Drew Magary’s Thursday Afternoon NFL Dick Joke Jamboroo runs every Thursday at Defector during the NFL season. Got something you wanna contribute? Email the Roo. And buy Drew’s book, The Night The Lights Went Out, through here.
I have not lived year-round with my parents since I was 14 years old. I went to boarding school for sophomore year (I was already a year younger than all of my classmates), and then college and professional life followed. So while I have an ample memory bank of the time before I left the nest, I have just as many memories of returning home from my travels out in the big, wide world.
I came home from New Hampshire, from Maine, from New York, and from Maryland. The trips all had a predictable rhythm to them, but with sights and moments that remain strangely impossible to forget. I remember standing outside an airport in the dead of night, waiting for my dad to pick me up. I remember no one else standing by the curb, as if I was the last person left at the terminal. The last person left on Earth. I remember sitting on coach buses, at a time before bus travel became, perhaps by default, one of the better travel options this country has to offer. I remember waiting to transfer on rain-soaked Metro-North platforms, the soft glow of the streetlights reflecting off the asphalt in the parking lot below.
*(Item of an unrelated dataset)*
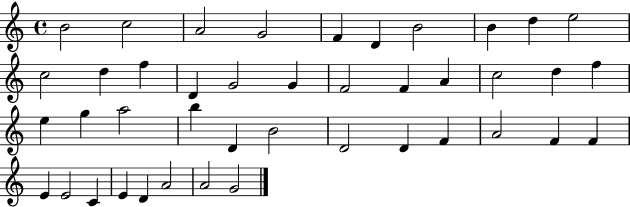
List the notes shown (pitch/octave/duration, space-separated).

I remember Penn Station, Grand Central Station, and Union Station. I even remember what each station had to eat, and where those restaurants were located.
And I remember driving. Lots of driving. I would drive home through ice storms, through eye-deadening rainfall, and through random walls of traffic. I had a tape deck in my car and I’d sing as loud as I possibly could on those drives home. I remember singing so hard on one drive that I was hoarse by the time I reached my parents’ driveway. My mom asked me if I had a cold. I said no. She made me a cup of tea anyway.
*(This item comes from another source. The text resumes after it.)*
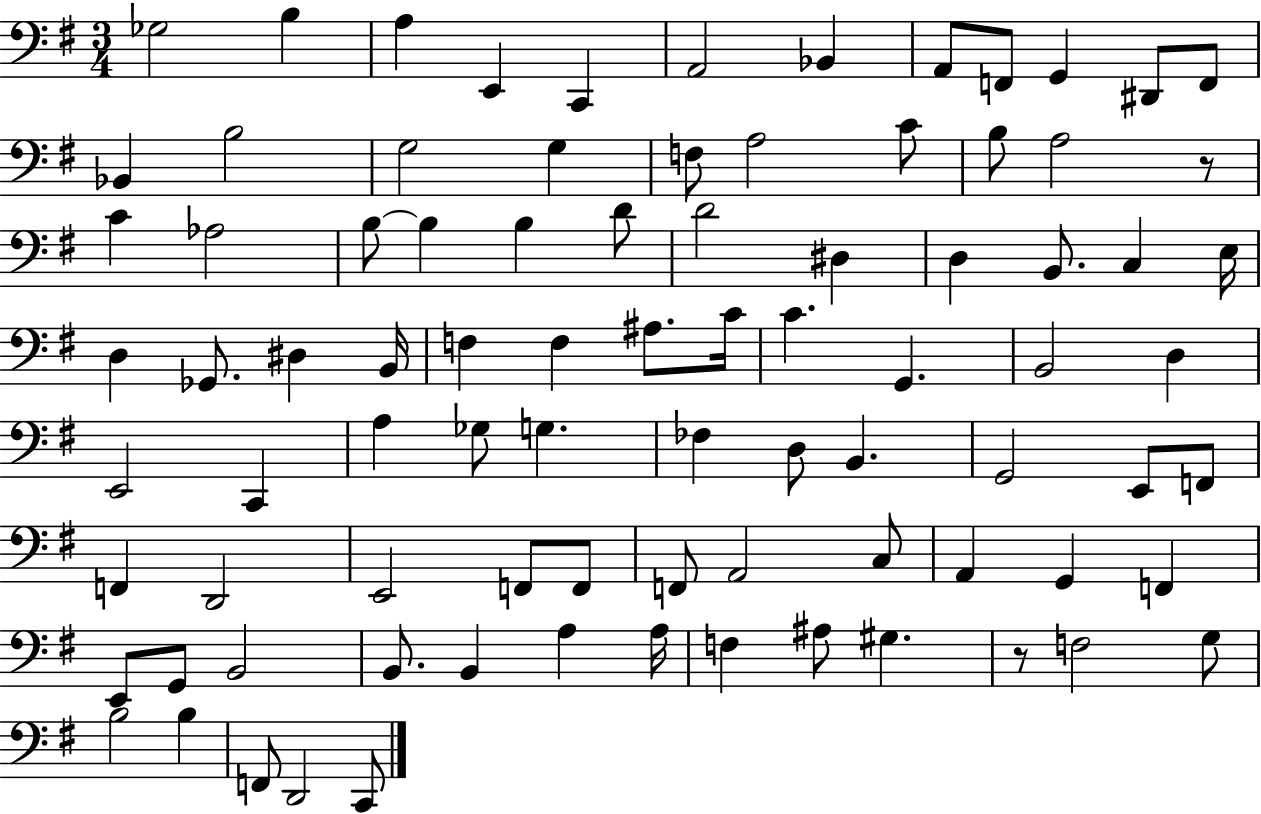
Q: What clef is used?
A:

Every time I arrived at my folks’ house, my mom would greet me with a hug and I’d greet her with enough dirty laundry to keep the New York Post solvent for 20 years. She’d ask me about school and I’d give her the bare minimum of details, because I didn’t want her micromanaging my academic career. Then I’d raid the fridge for smoked turkey and drink all of the Killian’s Irish Red that Mom had put in the fridge door. I knew that she and my dad were happy to see me. I was happy to see them, too, mostly because they served better food than school did. Plus, most of my returns home came at Christmas, and my parents always did it up: decorations, presents, nice food … all of the good shit.
I always figured I’d be on the other side of the equation one day, with my own children coming home to my future wife and me. But that time felt so far away as to be inconceivable. I always knew I’d end up like my parents, but I had no real grasp of what it would feel like when it happened.
I do now.
My wife and I have three children. Our oldest, 18, left home for college this fall. I was as ready for the girl to leave home as she was to flee it. When we dropped her off, I teared up a little, but I didn’t let loose in torrents the way my wife did. I knew the girl could live out on her own, and I knew she’d come back.
Meanwhile, I had to go back to my own parents’ house in the ensuing weeks, because my dad was ailing. Here again I remember the journey almost as vividly as the destination. Shitty gas station food. The giant mounds of industrial salt permanently stationed by I-95 as I passed through Baltimore. The chance to listen to whatever I wanted in the car, because I didn’t have to share the cabin with my wife or kids. The motherfucker who rear-ended me. Those drives were all a means to an end, but I knew what it meant to Mom and Dad—not to mention my brother and sister—for me to get up there and join them. To make the house whole.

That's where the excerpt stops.